TOKYO – Stocks were mostly higher in Asia on Tuesday, tracking the latest rally on Wall Street. Oil prices and U.S. futures advanced and the dollar was trading near 149 Japanese yen.
A release of China's most recent economic growth figures was postponed Monday, removing one factor that had been expected to drive trading. No specific reason was given, but the GDP report might have conflicted with the confident tone of a Communist Party congress being held in Beijing, by showing the economy grew by as little as 3% in the latest quarter, barely half the official 5.5% target.
There was little immediate news from the gathering in Beijing, where the party is expected to unveil its top leadership for the next five years a day after the congress closes.
Some analysts speculated that the delay was due to signs of further weakening in the economy. ING Economics said in a report that while the data weren't likely to “paint a particularly positive picture of the Chinese economy" when they are eventually released, “the delay suggests that the government believes that the 20th Party Congress is the most important thing happening in China right now and would like to avoid other information flows that could create mixed messages."

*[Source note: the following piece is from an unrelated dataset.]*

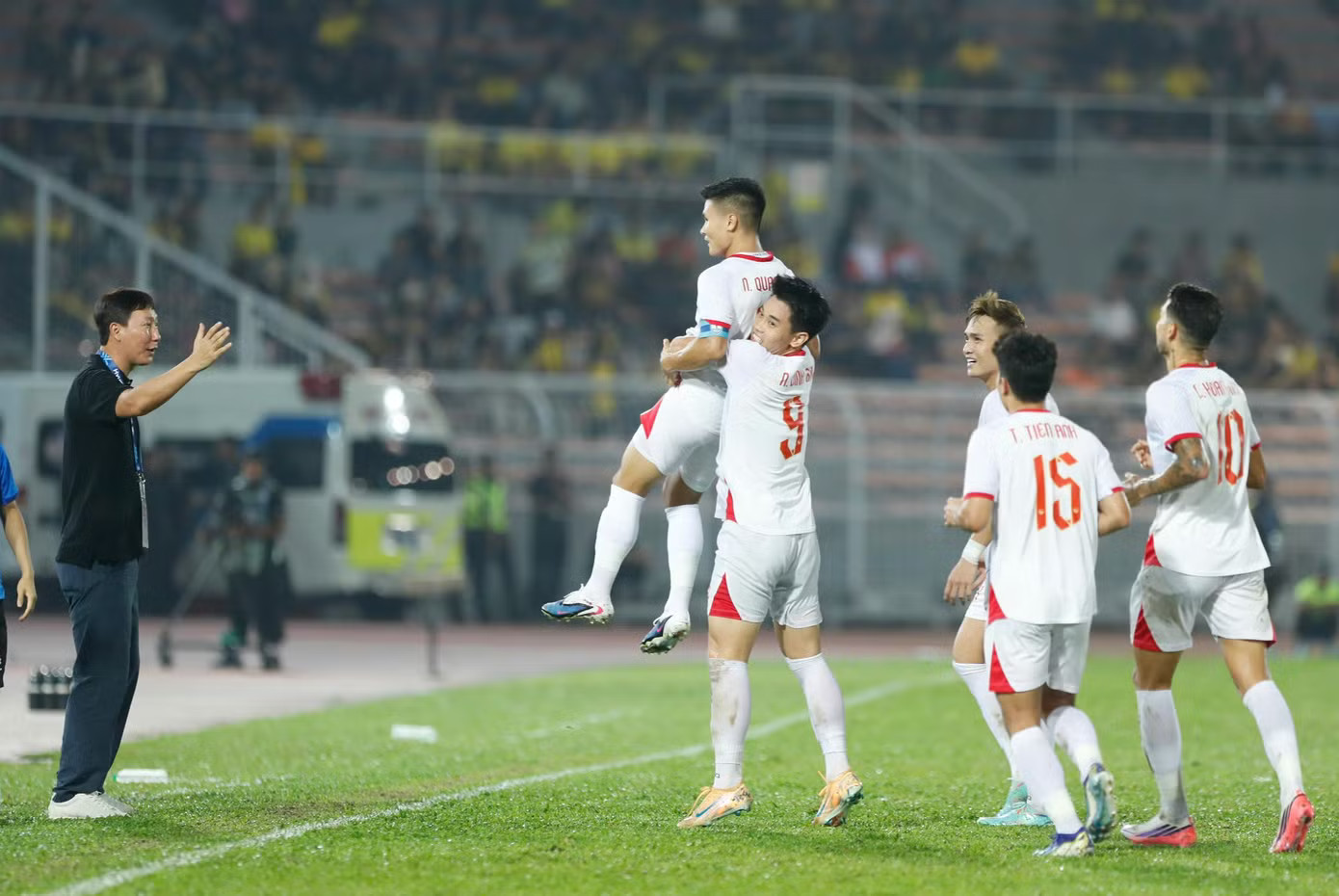 Chuyên gia Phan Anh Tú: Malaysia sẽ chơi 'rát', đội tuyển Việt Nam không thể chủ quan - Ảnh 2.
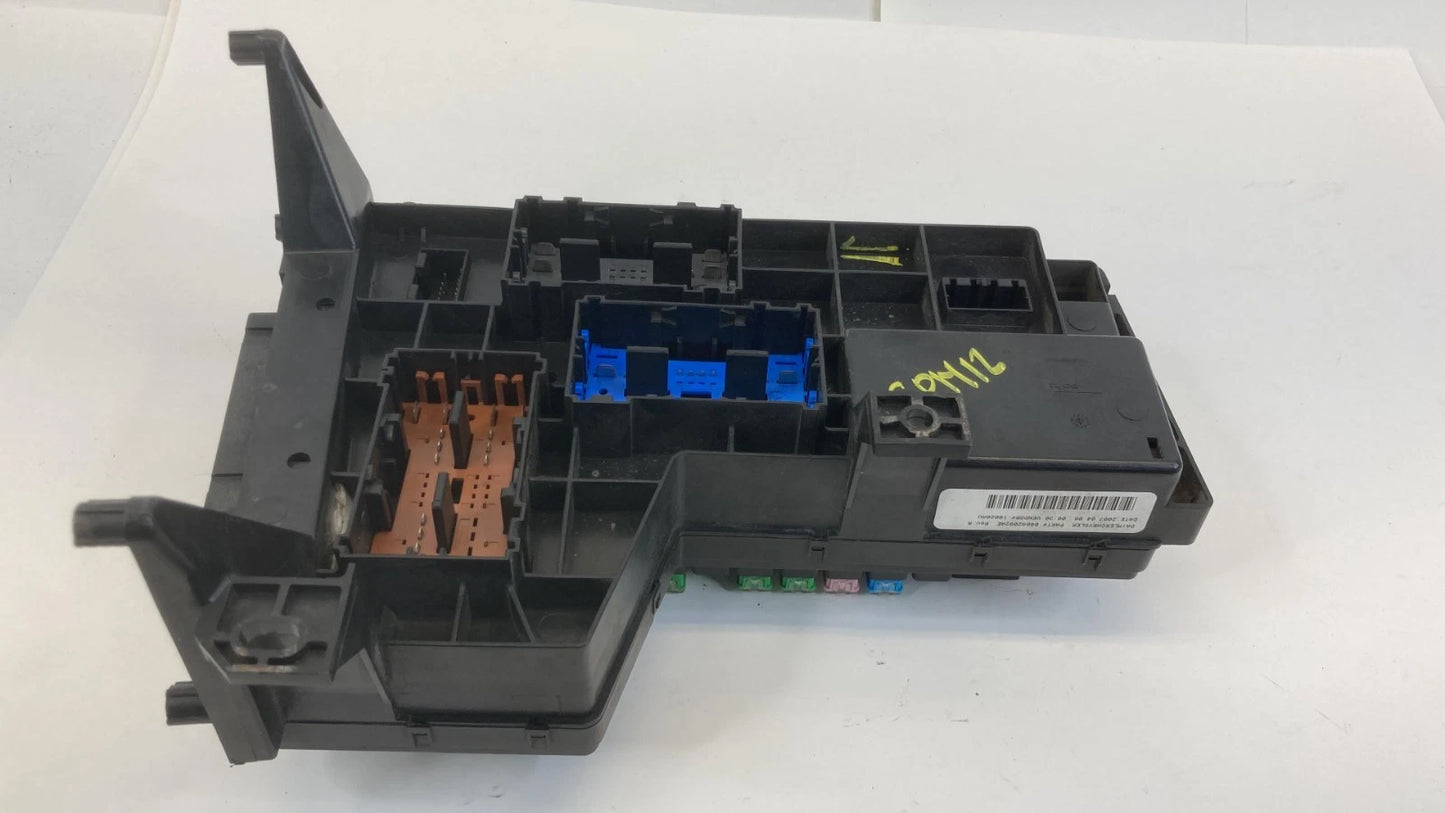 2007 2008 DODGE DAKOTA ENGINE FUSE BOX RELAY POWER MODULE 04692092AE OEM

Hong Kong's Hang Seng index surged 1.7% to 16,888.79, while the Shanghai Composite index slipped 0.1% to 3,080.96.
Tokyo's Nikkei 225 index rose 1.4% to 27,156.14 and the Kospi in Seoul climbed 1.4% to 2,249.95. In Australia, the S&P/ASX 200 advanced 1.7% to 6,779.20. India's Sensex rose 1%.
The dollar was trading at 148.96 Japanese yen, down from 148.98 yen. Senior Japanese officials have indicated they might intervene in the market to try to stem volatility and support the yen, which has weakened sharply against the dollar this year.
The euro rose to 98.60 cents from 98.41 cents.
On Monday, the S&P 500 climbed 2.6% to 3,677.95. The Dow gained 1.9% to 30,185.82, while the Nasdaq added 3.4% to 10,675.80.
Traders also bid up small company stocks. The Russell 2000 index rose 3.2% to 1,735.75.
Early Tuesday, the future for the S&P 500 was up 1.5% while that for the Dow industrials gained 1.2%.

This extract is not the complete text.